Ironically, since that definitive statement, there has been a gradual metamorphosis in an auditor's duty of care. It is no longer sufficient for an auditor to rest upon the honesty and accuracy of others. He must go further and satisfy himself that accounts upon which he relies have been taken on sound accounting principles. In the later case Fomento (Sterling Area) Ltd. v Selsdon Fountain Pen Co. Ltd. (1958), Lord Denning put it this way:
"To perform his task properly he must come to it with an enquiring mind - not suspicious of dishonesty - but suspecting that someone may have made a mistake somewhere and that a check must be made to ensure that there has been none."
Interestingly, the 1997 amendments to the Banking Act and the Financial Institutions Act raised the standard from the duty of having an "enquiring mind" to that of having a "suspicious mind". The role of the modern auditor of banks and financial institutions was thereby effectively transformed from that of "watchdog" to "bloodhound".

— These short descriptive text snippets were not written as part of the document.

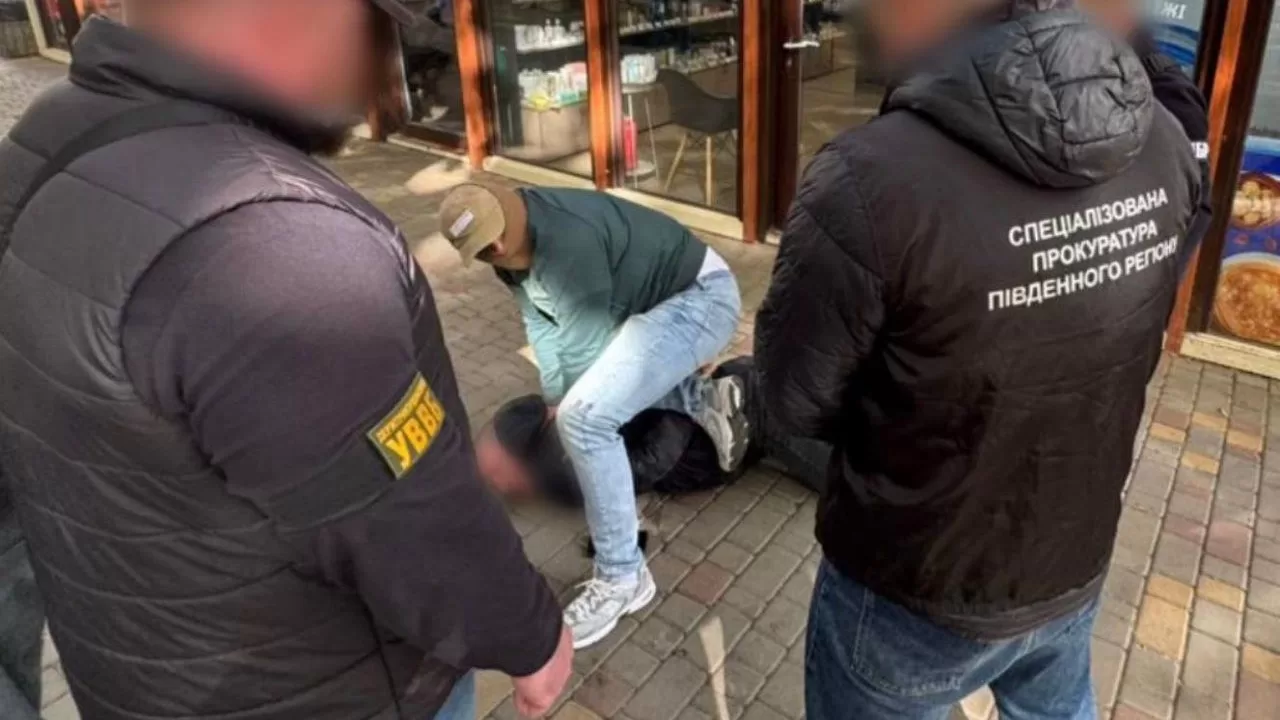 К организации схемы причастен сотрудник правоохранительного органа / Фото Офис Генпрокурора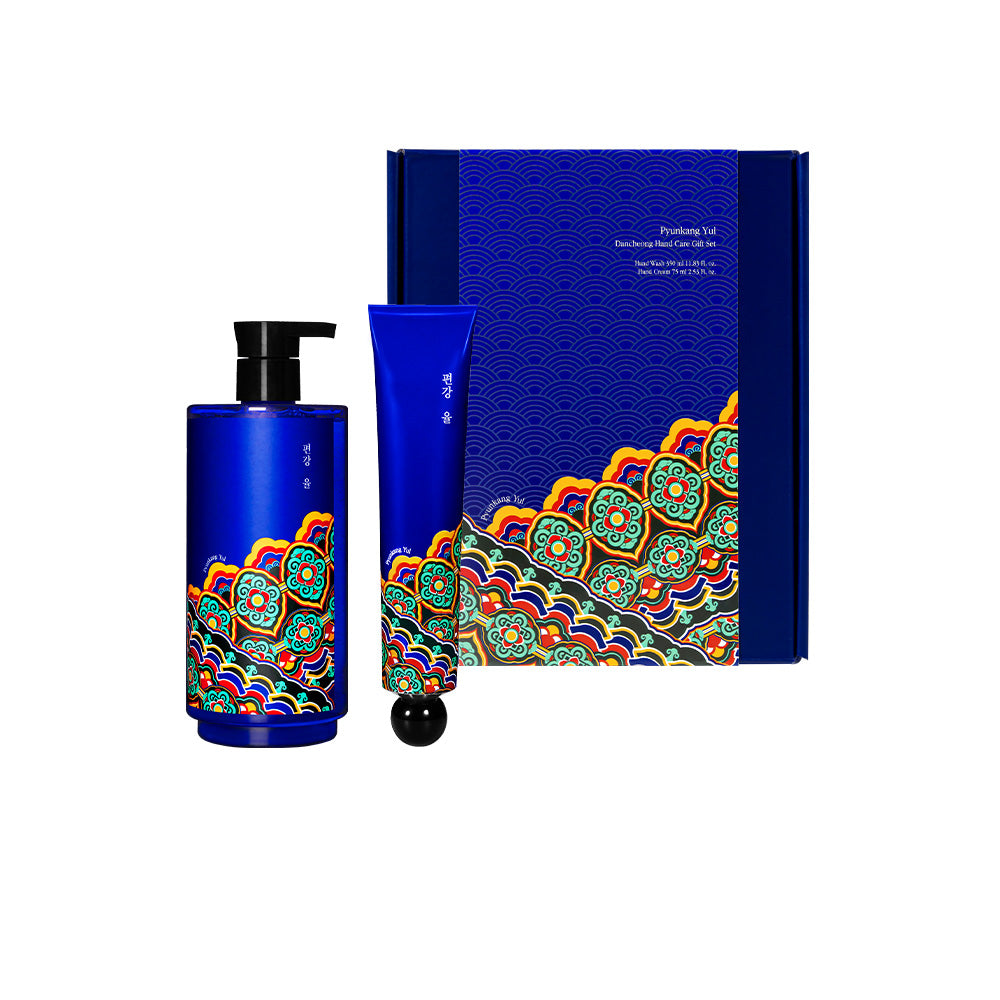 Pyunkang Yul Dancheong Hand Care Gift Set 350ml+75ml official product image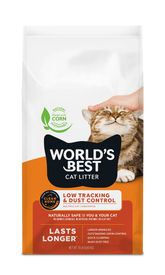 Worlds Best Low Tracking/Dust Control Multiple Cat Unscented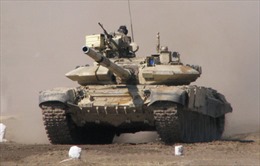 Nga-Ấn thành lập liên doanh sản xuất đạn xe tăng T-90 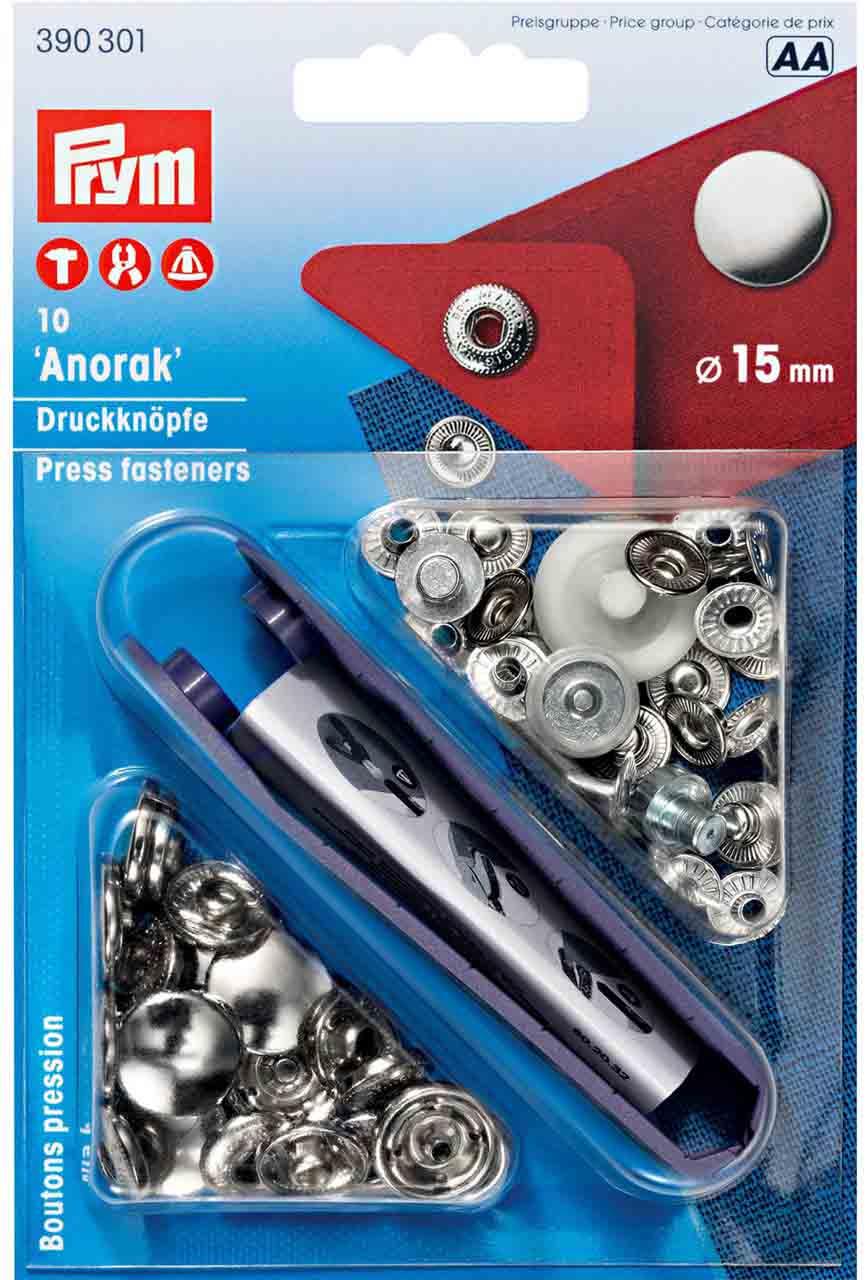 Prym Druckknöpfe Anorak 15 mm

Under section 19A(1) of both Acts, auditors have a duty to report in writing to the chief executive office, each director and to the Supervisor (defined as the Supervisor of Banks and Financial Institutions appointed under the Bank of Jamaica Act) any "material transactions or conditions" obtaining in a bank or financial institution which in the auditor's opinion amount to:
* changes in accounting policy which have the effect of misrepresenting the financial position;
* transactions or conditions which give rise to potential exposure or exposure which may jeopardise viability;
* transactions or conditions which indicate that internal controls are significantly weak;
* transactions that are irregular and that have a significant or material impact on the financial position;
* transactions or conditions that contravene the Acts or regulations as regards capital adequacy or liquidity requirements;
* transactions or conditions which in the opinion of the auditors ought to be included in such a report.

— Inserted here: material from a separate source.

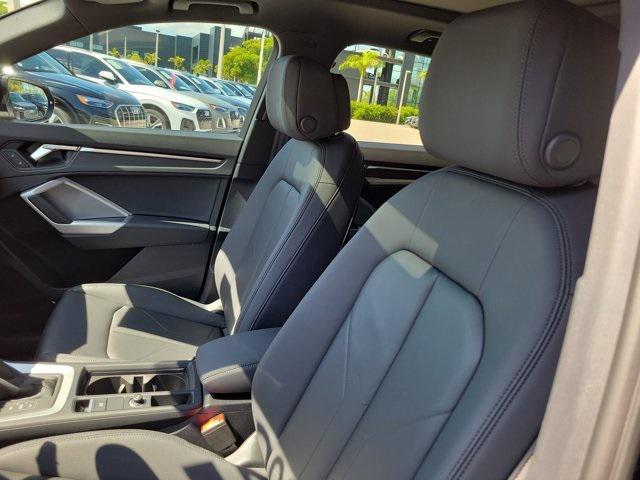 used 2024 Audi Q3 car, priced at $39,995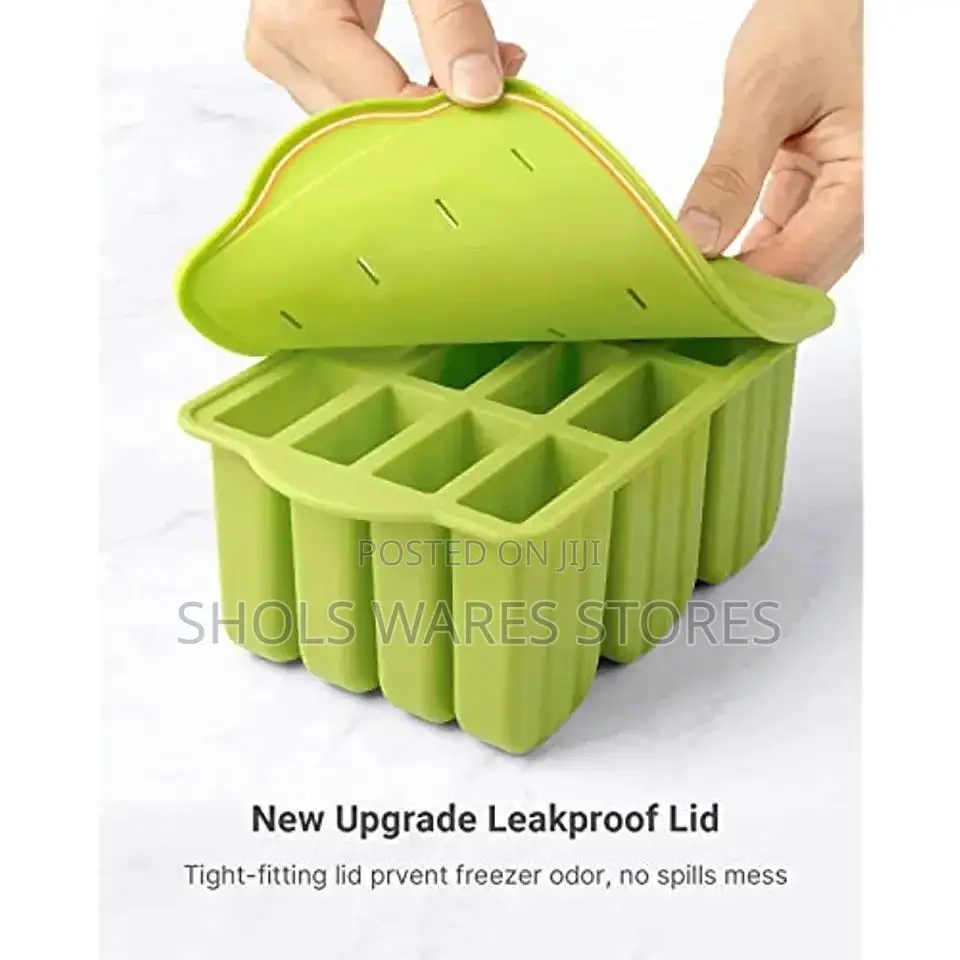 Silicone Ice Cream Mould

An auditor is therefore mandated to approach his duties with suspicion and to take an investigative approach to each transaction. We await with interest the Court's interpretation of the words "material conditions or transactions". Hopefully, future judgments will guide auditors by providing greater definition of these concepts.

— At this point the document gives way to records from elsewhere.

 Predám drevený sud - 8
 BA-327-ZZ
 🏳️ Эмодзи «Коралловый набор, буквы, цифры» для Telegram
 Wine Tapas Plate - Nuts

In the meanwhile, pressing questions which now arise are:
* Should auditors protect themselves by reporting all transactions and conditions, and thereby risk incurring the displeasure and loss of clients?
* Can the directors sue auditors for breach of statutory duty and do these duties take precedence over the common law duty to the company and its members?
* When audited accounts induce investment in a Bank or Financial Institution followed by an alleged breach of statutory duty (which in law cannot be disclaimed), is the auditor liable to pay damages to the investor?
Given the onerous obligations imposed on auditors on pain of imprisonment, fine or both, and their exposure to civil and criminal proceedings, it is a high rope upon which they are called to perform a precarious balancing act. However, the impending Companies Bill should provide a helpful safety net. Recognising auditors' heightened exposure to liability, the Bill provides that a company may not only indemnify its directors and officers, but also any person employed to it as an auditor.
* Janet Morgan is an attorney-at-law with the firm Dunn, Cox, Orrett & Ashenheim. firstname.lastname@example.org
Return to Articles.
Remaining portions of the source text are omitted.